The Mayor Gallery announces our forthcoming duo exhibition featuring the works of Marlow Moss (b. 1889 Richmond - 1958 Penzance, UK) and Vera Molár (b. 1924 Budapest, Hungary - d. 2023 Paris, France). Both Woman artists, pioneers in their field, Moss with her precise drawings, executed with pencil, ruler and compass, Molnar, with early computer plotter apparatus. The Mayor Gallery draws a dialogue between their respective practices that explore potency of line.
Born Marjorie Jewel Moss, Marlow Moss (b. 1889 Richmond - 1958 Penzance, UK), as she became, moved from London to Paris in 1927 enrolling at the Académie Moderne studying with Fernand Léger. Here she was part of the vibrant art scene, exhibiting regularly (Konstruktivisten, Basel 1937, and Abstracte Kunst, Amsterdam 1938) after being invited to join Abstraction-Création as a founder member along with Piet Mondrian, Georges Vantongerloo, and Jean Arp, amongst others. It was also here she met her lifelong partner, the Dutch writer Antoinette Hendrika Nijhoff-Wind.
Moss followed the concepts of De Stijl and Neoplasticism; the reduction to the essentials of form and composition through horizontal lines and primary colours, but it was Mondrian that influenced Moss the most profoundly. They became friends, exchanging Constructivist ideas and influencing each other; Mondrian and Gorin took up using her innovative ‘double line’ motif. The difference being that Mondrian constructed his compositions intuitively, while Moss constructed them using a mathematical approach.

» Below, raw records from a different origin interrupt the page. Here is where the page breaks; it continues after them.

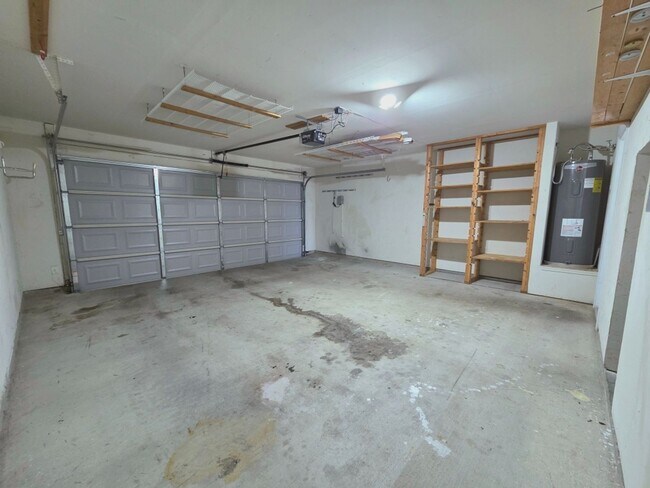Building Photo - SPACIOUS 2 STORY HOUSE / SPACIOUS YARD / C...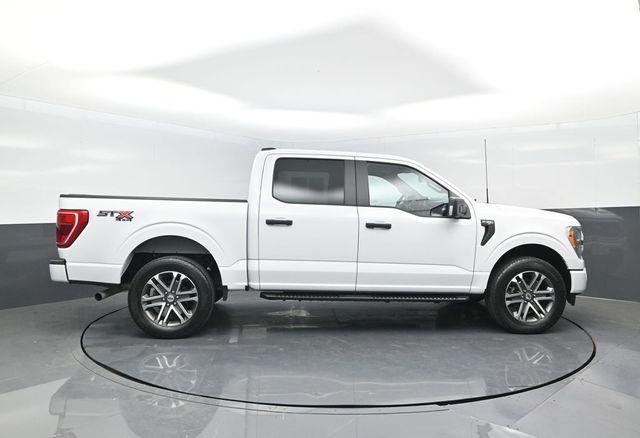 Photo of 2022 Oxford White Ford F-150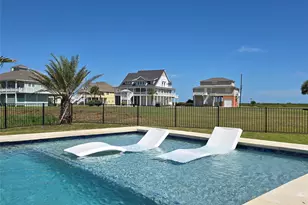 708 Colby Ct, Port Bolivar, TX 77650 - Photo 4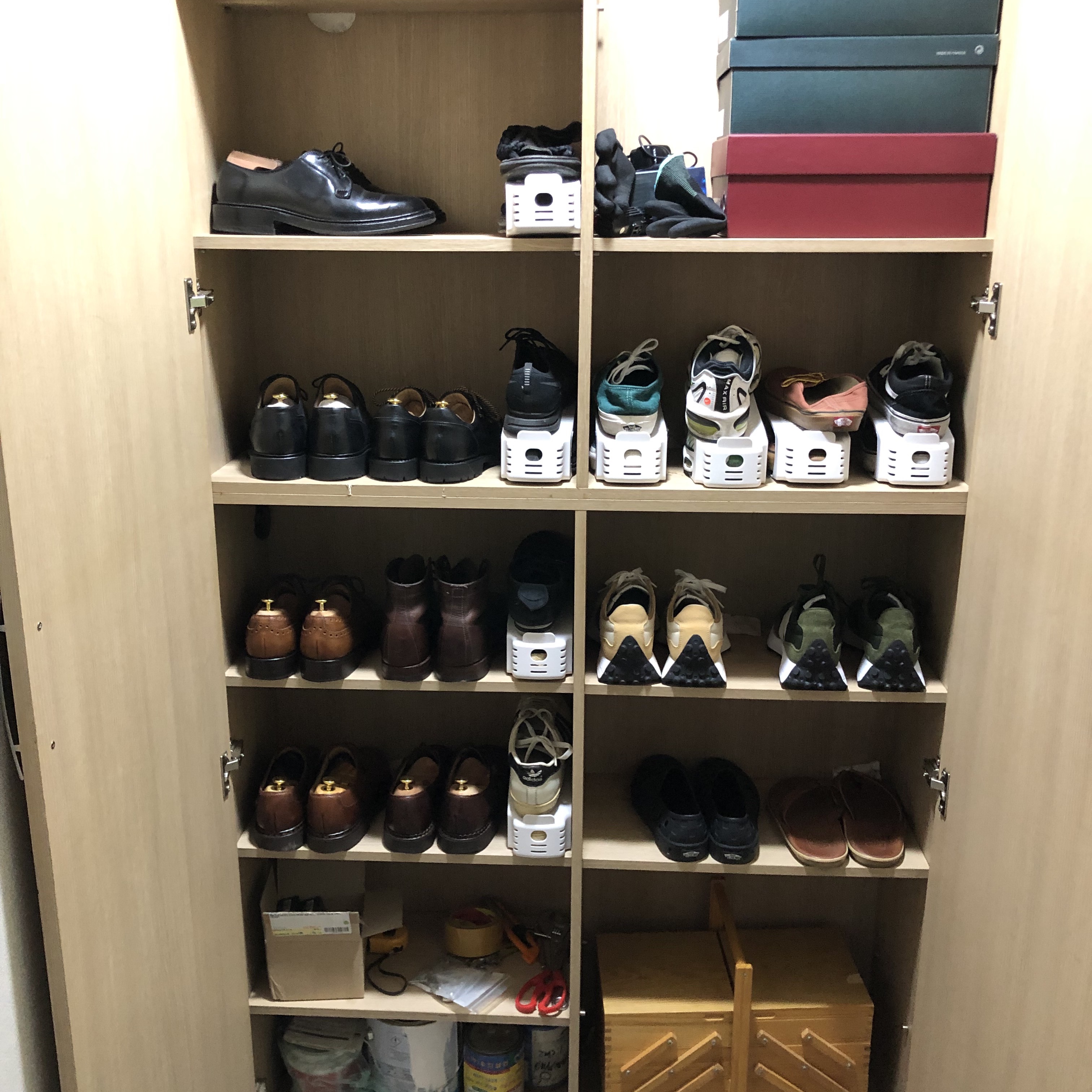 Jordan 1 x Travis Scott x Fragment Retro Low OG SP Military Blue, Jordan 1 Retro High OG Black Mocha 착용 스타일 - 2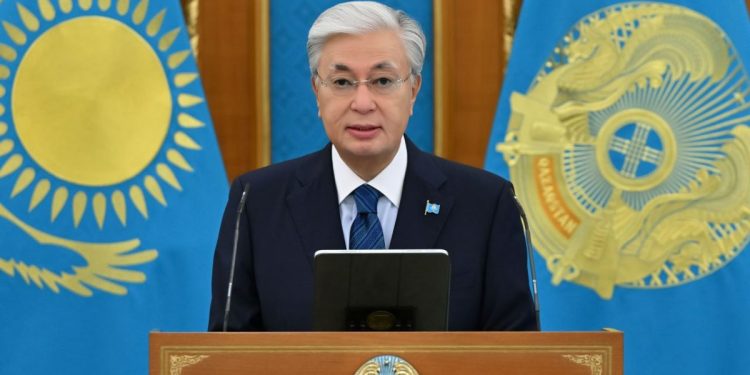 Касым-Жомарт Токаев поздравил сотрудников Министерства по чрезвычайным ситуациям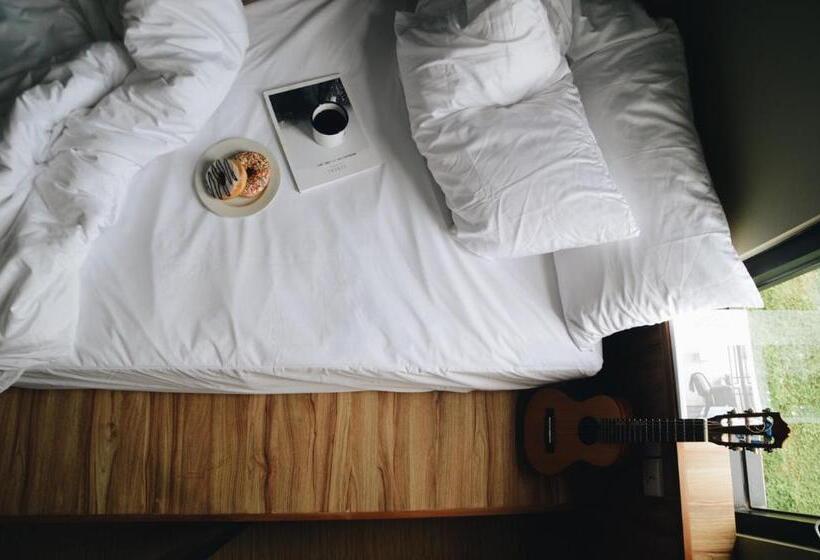 디럭스 트리플 룸, Cara Cara Inn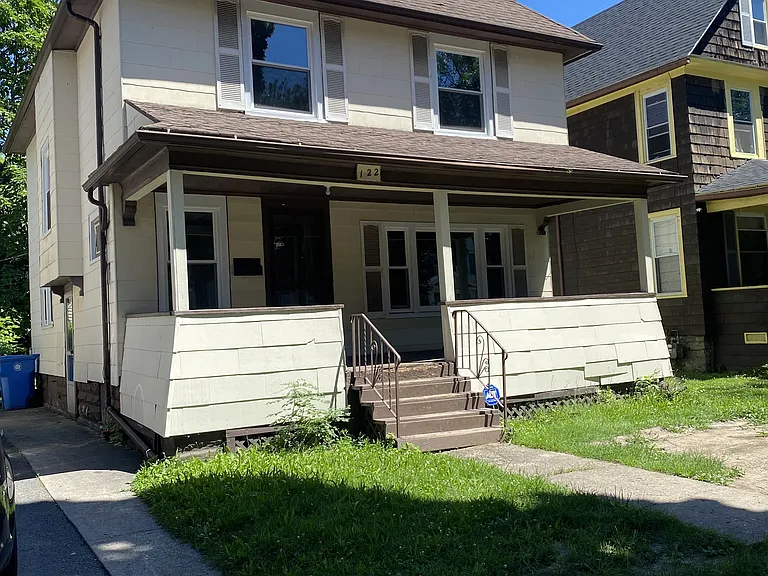122 Hobart St — Photo 1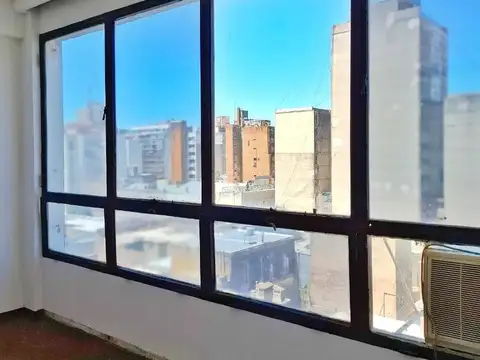 VENTA OFICINA EN ZONA CENTRO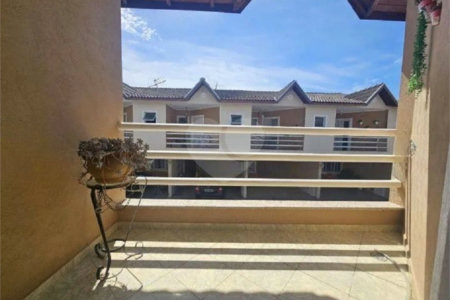 Casa à venda com 3 quartos, sendo 1 suíte,  no condomínio Residencial Villagio Vitória, Guarulhos - SP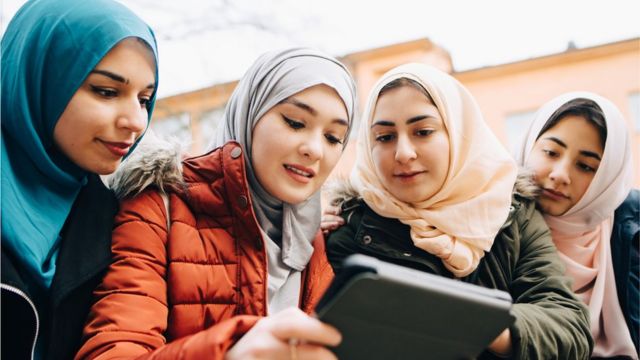 Jeunes femmes musulmanes regardant dans un iPad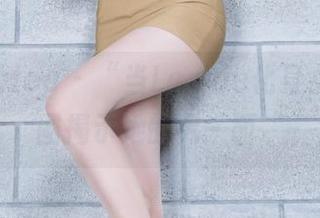 beautyleg – “当Leonie化身女仆，原图揭示她的另一面“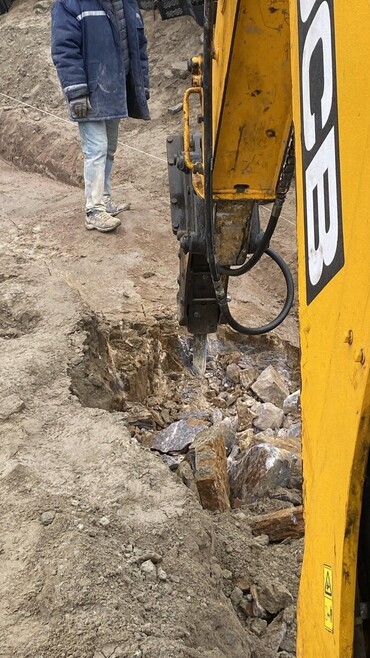 Экскаватор-погрузчик JCB 2024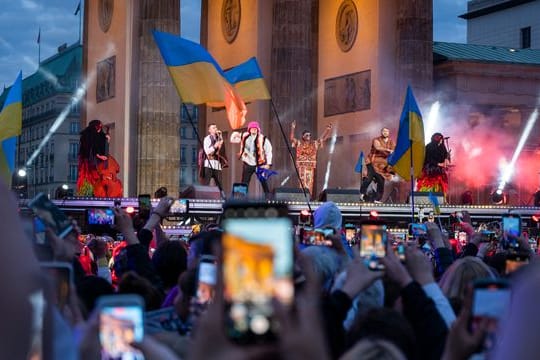 Auch die ukrainischen ESC-Gewinner Kalush Orchestra traten bei der Wohltätigkeits-Veranstaltung "Save Ukraine - #StopWar" in Berlin auf.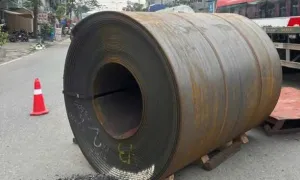 Lái xe bị phạt 10 triệu đồng vì để cuộn thép 28 tấn rơi xuống đường Lái xe bị phạt 10 triệu đồng vì để cuộn thép 28 tấn rơi xuống đường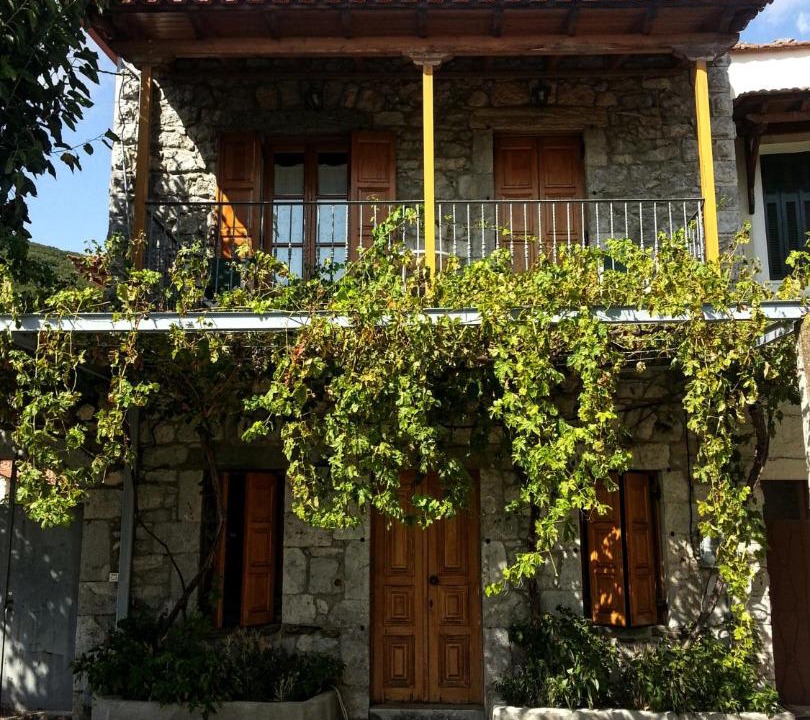 Photo of Others in Karyes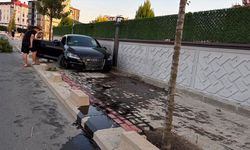 Çorlu'da Kontrolden Çıkan Otomobil İstinat Duvarına Çarptı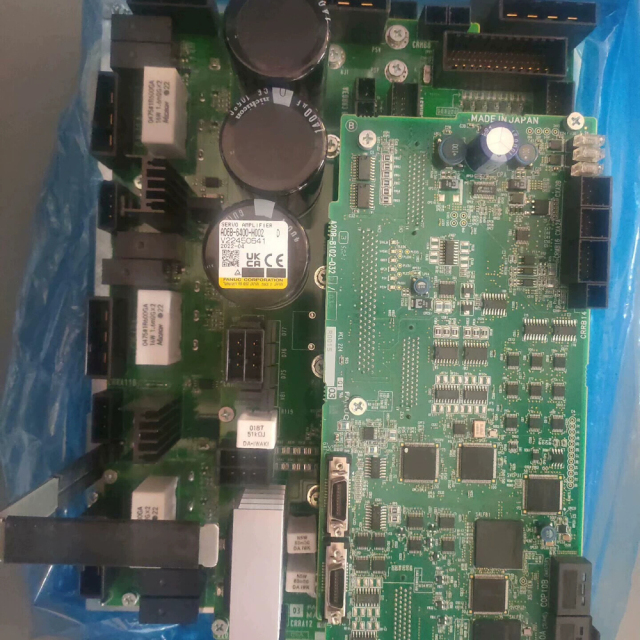 Fanuc A06B-6400-H002 Servo Drive Amplifier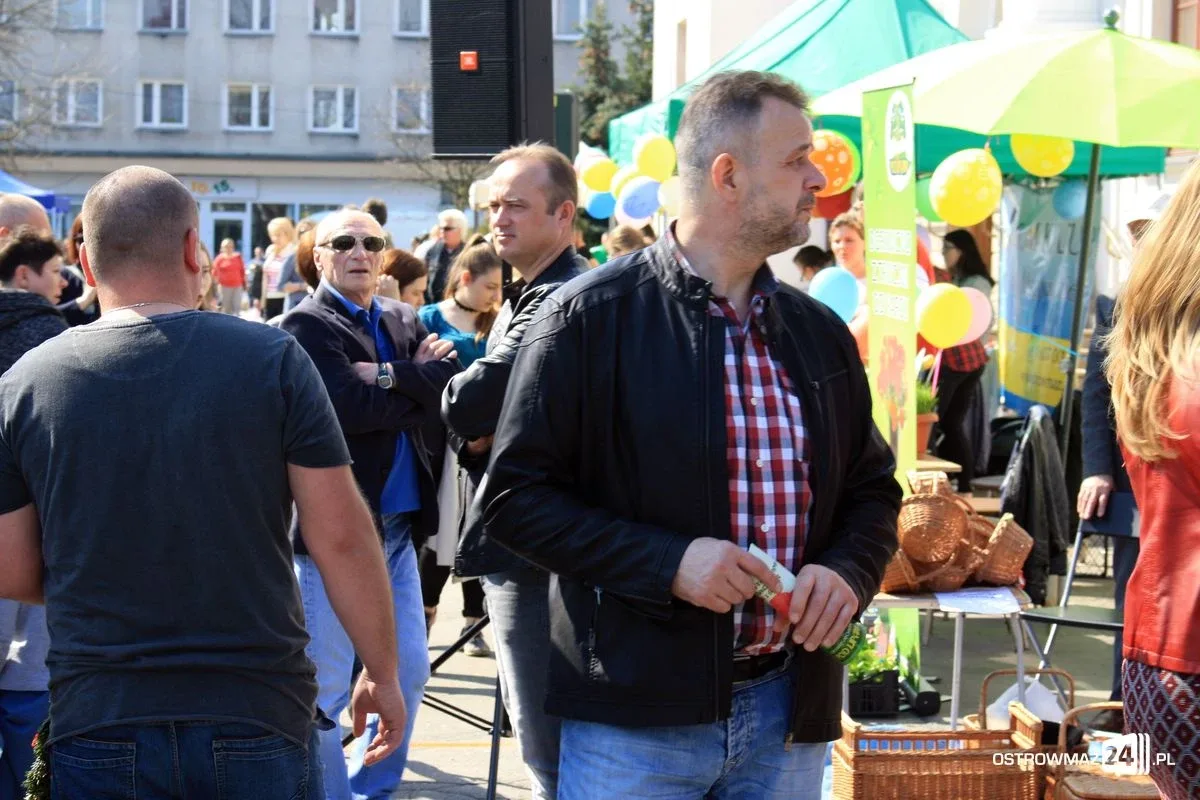 Jarmark Ostrowski wypełnił plac przy ratuszu (zdjęcia)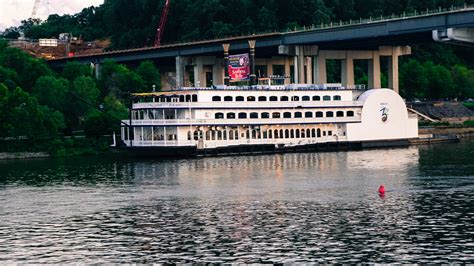 Chattanooga riverboat hotel  The property offers breathtaking views of Chattanooga and is conveniently located minutes away from Rock City, Ruby Falls and the Incline Railway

Moss’ working drawings are precise, executed with pencil, ruler and compass. These drawings are edged with notes and calculations in pencil, often including collage before being transferred to the canvas. Tragically, much of her early art had been destroyed in the war soon after she fled France to Cornwall where she stayed for the rest of her life.
Her queer, androgynous persona, perhaps too modern for 1950s Britain, may be a factor why she wasn’t embraced by her St. Ives Group neighbours and for her later obscurity. However, her work is now being rediscovered; in 2014 Tate Britain held a solo exhibition of her work and in 2017 at the Haus Konstruktiv Zürich. Her work is in the collections of the Museum of Modern Art, New York, the Rijksmuseum and Stedelijk Museum in
Amsterdam and the Israel Museum amongst others.
Vera Molnar (b. 1924 Budapest, Hungary - d. 2023 Paris, France) studied art history and aesthetics at the Budapest College of Fine Arts before moving to Paris in 1947 meeting Constructivist artists such as Jesus Rafael Soto and Victor Vasarely who shared an interest in exploring compositions based on simple geometric shapes and themes.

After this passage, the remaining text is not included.